If you want Wiley to go away(he won't but you can try), for Pete's sake don't feed him. Wiley is an opportunistic feeder, just like Yogi. Remove the food source and any place he or she can build a nest. As in close up any holes under garages, etc.
 
Coyotes are nothing more than predators, and they will not hesitate to kill/eat anything they deem as lower in the food chain than itself. Anything. As a deer hunter, I am keenly aware of how many fawns are killed every year by coyotes. I kill EVERY coyote that gives me the opportunity. As a conservationist, it is my duty to do so. Just my two cents...
 
like i said, my neighbor's won't be alerted by a gunshot here and there. i sometimes pop off a few shots here and there when i get a new gun, changing scopes, testing equipment like firing pin changes etc. they have never mentioned it before and i am in my legal rights as long as i stay on the far side of my house rather than the side right next to them. georgia has some pretty lax shooting rules. as long as 250 ft from a rez and (i believe) 500 feet rom any road, your good. i still don't be a nuisance though since we all have to live here and when i first bought the house their dogs were so feaking annoying(like midnight to 6am every single night) and i had to constantly harp on them unil i finially got animal control involved. so i would rather just not get on their bad side, but a shot or two doesn't seem to arrouse suspicion.

the point of my thread was this: should i just keep an eye out and hope they don't commonly use my yard as a pass-thru? or should i actively hunt them?; as in bait and stalk until i know they have been taken care of? i do't want to bait and then have my yard become a coyote's pack hangout.....but conversly i don't want to just hope they don't come back when i have my pets or kids outside.

whhat would you do? how likely is it that my yard is a common stomping ground for them? my yard has some of the only actual woods in my subdivision and it cuts through to a large wooded power easement, which is where i assume they were headed to den up for the day. i am thinnking my yard is maybe the ONLY convenient route from the easement to the neighborhoods where they can hunt trash and pets and maybe i should be proactive. or is there another way to just make them steer clear of my property by setting up some type of detterent perimieter? if such exsists.

like i said, no issue putting a piece of lead in one or two, but don't want to make things worse than they would have been in the process. r am i just worrying about nothing since this is my first encounter, maybe the are pretty uncommon here in general, i have lived in this house for almost six years now and besides hearing some howling in certain months i have never been formally introduced til a couple days ago

thanks
 
If it's legal and safe to shoot them, then there is no reason not to and no reason for the infamous "SSS". :rolleyes:

If it's illegal and unsafe to do so, you may be bringing more bad down on you than any two coyotes could.

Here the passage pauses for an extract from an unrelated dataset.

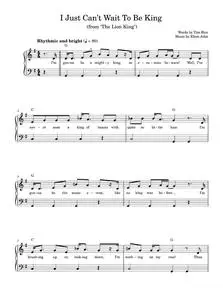 I Just Can't Wait To Be King (from The Lion King) - Elton John (Easy Piano)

Last thing I would do is to bait them and accustom them and other animals to coming to your backyard for food.
 
skizzums

If you take a shotgun for a walk from your place and walk the power easement they may move on to someplace else but once you stop walking they will be back.

This is what I do for our cabin tract and my parents place. I hunt them. Up at the cabin I have had them poop on the deck while I was inside and there was more then one. At my parents place they would come up to the fence and the stupid dogs would put their heads through the fence for a nose sniff and the coyotes would bite the dogs ears off. At my parents place I installed an electric fence on the outside of the wire fence to keep the yotes back.

When I go visit my parents I take a walk down the ditch bank to where the dens are and if I see yotes I cull. This ditch bank is the same place where I shoot cans and bottles floating in the ditch so in any case I get some moving target practice. I do not want to kill all the yotes as they tend to keep the California Grey Squirrel in check.

The dens are in culverts that have not been used for irrigation in 30 years so even if I do not see anything I bounce a few rounds through the culverts and it seems to make a difference.
 
Oh no you have every right to be worried. Especially if you have pets or kids. I'd keep a rifle, shotgun (depending on distance), or pistol close to a window or door so you can get to it quickly and take care of them. The house I grew up in SC, we always kept a .243 (later became my rifle) right by the front door. I had to kill a bunch of foxes, wild dogs, armadillos (PITA), and occationally a yote. If you are worried about kids getting to it, make sure they have been taught the basics of firearm safety.
 
I agree with post #13 that Kilimanjaro posted.

It's pretty much on the money, however I live in Missouri farm country and on rare occasions I've had coyotes that's not had the proper education stumble into my yard through the gap south of my barn.

I have a small house dog that's my buddy, he goes out and chores with me so I always make sure I'm armed.

I do educate them, most do not live long enough to pass on to their pack mates their mistakes.

I'm an avid coyote hunter, I truly enjoy introducing them to rule 223.